Across the UK, 43 per cent of all vehicles are diesel and one in 200 are ULEVs.

Steve Gooding, director of the RAC Foundation, said: "These figures show there remains a gaping hole between the ambition to green the vehicle fleet and the reality on the road.

"The relatively slow take up of electric cars shows how important Government incentives remain.

"The data also underlines the continued dominance of diesel.

"Whilst there are more petrol cars than diesel, diesel fuel sells at almost twice the volume because of its use in almost all commercial vehicles including HGVs and the fast-rising number of vans."

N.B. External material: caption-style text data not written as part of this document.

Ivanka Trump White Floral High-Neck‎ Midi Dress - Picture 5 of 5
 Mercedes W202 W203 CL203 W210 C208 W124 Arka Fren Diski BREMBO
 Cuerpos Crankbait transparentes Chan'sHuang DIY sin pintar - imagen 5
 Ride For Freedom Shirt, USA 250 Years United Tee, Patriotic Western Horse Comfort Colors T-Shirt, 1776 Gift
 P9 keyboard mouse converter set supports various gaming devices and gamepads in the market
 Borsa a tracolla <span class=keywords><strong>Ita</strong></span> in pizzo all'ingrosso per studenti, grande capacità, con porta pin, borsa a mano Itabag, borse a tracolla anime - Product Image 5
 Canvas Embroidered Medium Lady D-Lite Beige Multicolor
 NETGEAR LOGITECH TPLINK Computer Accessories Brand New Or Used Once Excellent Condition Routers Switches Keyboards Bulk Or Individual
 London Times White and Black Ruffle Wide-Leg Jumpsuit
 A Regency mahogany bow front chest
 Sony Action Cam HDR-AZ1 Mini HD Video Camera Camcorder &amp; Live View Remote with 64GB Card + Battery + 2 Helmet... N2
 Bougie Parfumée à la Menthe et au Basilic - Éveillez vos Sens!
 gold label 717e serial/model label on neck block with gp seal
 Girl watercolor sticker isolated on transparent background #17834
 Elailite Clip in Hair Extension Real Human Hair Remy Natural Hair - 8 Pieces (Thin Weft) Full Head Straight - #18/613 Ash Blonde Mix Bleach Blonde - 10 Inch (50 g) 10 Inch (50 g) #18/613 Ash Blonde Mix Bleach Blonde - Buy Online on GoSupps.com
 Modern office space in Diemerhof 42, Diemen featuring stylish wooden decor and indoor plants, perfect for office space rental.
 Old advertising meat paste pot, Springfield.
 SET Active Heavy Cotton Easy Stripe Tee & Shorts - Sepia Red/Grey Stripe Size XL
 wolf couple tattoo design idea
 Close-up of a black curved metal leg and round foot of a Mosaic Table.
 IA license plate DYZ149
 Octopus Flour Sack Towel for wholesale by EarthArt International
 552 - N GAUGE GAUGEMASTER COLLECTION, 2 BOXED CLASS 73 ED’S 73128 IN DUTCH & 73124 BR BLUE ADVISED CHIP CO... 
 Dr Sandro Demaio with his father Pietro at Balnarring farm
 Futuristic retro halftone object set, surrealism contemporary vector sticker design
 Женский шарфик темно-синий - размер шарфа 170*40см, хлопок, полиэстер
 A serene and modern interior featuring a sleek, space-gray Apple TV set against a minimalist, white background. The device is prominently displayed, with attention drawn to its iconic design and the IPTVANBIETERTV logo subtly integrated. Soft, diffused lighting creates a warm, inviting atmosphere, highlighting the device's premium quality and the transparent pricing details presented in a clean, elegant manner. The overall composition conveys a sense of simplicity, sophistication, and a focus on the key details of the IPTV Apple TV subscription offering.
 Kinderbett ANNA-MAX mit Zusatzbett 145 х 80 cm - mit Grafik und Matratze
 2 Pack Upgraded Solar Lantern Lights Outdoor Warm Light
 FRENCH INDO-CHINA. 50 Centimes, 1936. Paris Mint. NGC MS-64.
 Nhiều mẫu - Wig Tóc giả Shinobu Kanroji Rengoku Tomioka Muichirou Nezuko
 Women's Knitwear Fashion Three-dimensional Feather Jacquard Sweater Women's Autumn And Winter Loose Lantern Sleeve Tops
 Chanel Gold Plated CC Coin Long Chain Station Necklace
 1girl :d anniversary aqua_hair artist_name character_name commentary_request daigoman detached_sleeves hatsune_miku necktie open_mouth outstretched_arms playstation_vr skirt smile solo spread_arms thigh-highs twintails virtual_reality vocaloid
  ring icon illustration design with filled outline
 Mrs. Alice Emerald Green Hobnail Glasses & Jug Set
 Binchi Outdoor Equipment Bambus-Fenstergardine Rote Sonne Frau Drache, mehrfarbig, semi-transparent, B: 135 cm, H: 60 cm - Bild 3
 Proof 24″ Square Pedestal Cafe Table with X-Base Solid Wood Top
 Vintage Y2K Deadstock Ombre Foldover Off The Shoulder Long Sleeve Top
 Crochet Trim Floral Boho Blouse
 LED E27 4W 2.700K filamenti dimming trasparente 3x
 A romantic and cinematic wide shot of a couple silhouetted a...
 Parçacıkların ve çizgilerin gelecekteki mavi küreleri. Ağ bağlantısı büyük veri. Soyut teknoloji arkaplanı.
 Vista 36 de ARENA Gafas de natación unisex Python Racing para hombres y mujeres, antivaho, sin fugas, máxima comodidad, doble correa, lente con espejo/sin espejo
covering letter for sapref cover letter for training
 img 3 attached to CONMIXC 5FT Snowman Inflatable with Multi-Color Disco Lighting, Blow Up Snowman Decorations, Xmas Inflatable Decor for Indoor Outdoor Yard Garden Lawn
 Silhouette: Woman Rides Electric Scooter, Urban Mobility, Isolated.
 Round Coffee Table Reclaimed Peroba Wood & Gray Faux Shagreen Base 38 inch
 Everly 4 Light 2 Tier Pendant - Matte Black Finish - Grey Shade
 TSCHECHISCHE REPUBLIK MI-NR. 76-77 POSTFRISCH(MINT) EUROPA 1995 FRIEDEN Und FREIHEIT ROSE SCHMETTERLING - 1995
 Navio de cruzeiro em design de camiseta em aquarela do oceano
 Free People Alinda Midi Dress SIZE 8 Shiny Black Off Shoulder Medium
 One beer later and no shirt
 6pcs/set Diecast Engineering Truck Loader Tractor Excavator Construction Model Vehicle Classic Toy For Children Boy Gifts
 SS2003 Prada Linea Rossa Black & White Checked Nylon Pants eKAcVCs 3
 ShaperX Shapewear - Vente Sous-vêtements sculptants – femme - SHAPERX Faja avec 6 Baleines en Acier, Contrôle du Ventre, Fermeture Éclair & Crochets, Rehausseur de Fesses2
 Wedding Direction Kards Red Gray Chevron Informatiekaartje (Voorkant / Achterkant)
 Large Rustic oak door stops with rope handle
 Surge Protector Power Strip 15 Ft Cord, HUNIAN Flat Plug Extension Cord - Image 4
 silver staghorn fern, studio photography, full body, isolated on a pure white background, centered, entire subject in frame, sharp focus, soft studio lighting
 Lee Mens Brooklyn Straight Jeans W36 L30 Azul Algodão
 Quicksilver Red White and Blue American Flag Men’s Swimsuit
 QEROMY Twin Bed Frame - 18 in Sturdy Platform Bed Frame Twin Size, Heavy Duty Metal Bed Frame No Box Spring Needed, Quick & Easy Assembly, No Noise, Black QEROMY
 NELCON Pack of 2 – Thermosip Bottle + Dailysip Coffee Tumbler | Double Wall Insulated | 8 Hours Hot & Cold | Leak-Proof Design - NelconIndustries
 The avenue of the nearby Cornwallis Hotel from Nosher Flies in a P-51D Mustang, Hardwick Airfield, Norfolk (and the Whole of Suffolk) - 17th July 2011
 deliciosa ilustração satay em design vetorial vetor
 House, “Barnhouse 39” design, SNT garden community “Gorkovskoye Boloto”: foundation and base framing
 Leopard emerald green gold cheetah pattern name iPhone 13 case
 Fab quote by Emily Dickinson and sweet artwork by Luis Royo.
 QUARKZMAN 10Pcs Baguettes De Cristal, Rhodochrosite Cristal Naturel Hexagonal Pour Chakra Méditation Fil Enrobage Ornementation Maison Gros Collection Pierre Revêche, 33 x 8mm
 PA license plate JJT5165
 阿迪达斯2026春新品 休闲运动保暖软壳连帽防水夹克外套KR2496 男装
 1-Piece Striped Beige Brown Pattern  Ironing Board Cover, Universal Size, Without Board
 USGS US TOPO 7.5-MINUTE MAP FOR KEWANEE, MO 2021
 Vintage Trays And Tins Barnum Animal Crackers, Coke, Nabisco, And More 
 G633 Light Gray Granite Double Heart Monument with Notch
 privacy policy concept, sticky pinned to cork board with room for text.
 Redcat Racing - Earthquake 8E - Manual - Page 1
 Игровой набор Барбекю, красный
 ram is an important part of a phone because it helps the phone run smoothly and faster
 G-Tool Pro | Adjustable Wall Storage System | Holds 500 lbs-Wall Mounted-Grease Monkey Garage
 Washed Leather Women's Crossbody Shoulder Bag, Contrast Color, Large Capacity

The number of diesel cars and vans in Lincolnshire has increased by 11 per cent since 2015, when the environmental impact was highlighted after Volkswagen was caught cheating emissions tests.

That’s 22,700 more diesel cars and vans on the streets.

Nick Molden, chief executive of Emissions Analytics, an emissions testing company, explained: “Diesel cars give off less carbon dioxide per mile than petrol cars.

"That was the reason for promoting them in the first place.

"After the Volkswagen scandal people became aware of the nitrogen oxides problem, which diesel cars inherently have, and require the correct exhaust treatment system to contain."

Mr Molden explained new diesel cars can be more environmentally friendly than petrol cars, as the latest technology stops the nitrogen oxide emissions, while giving off less carbon dioxide.

However, he estimated that only ten to 15 per cent of diesel cars on the road today produce acceptable levels of nitrogen oxides.

An ultra low emissions zone has been introduced in London, in which older diesel cars and some petrol cars will have to pay £12.50 to enter.

Mr Molden described it as one of the 'most advanced low emissions systems in the world', however he urged local authorities looking to improve air quality to base access on real-world emissions ratings, rather than lab-tested Euro standards.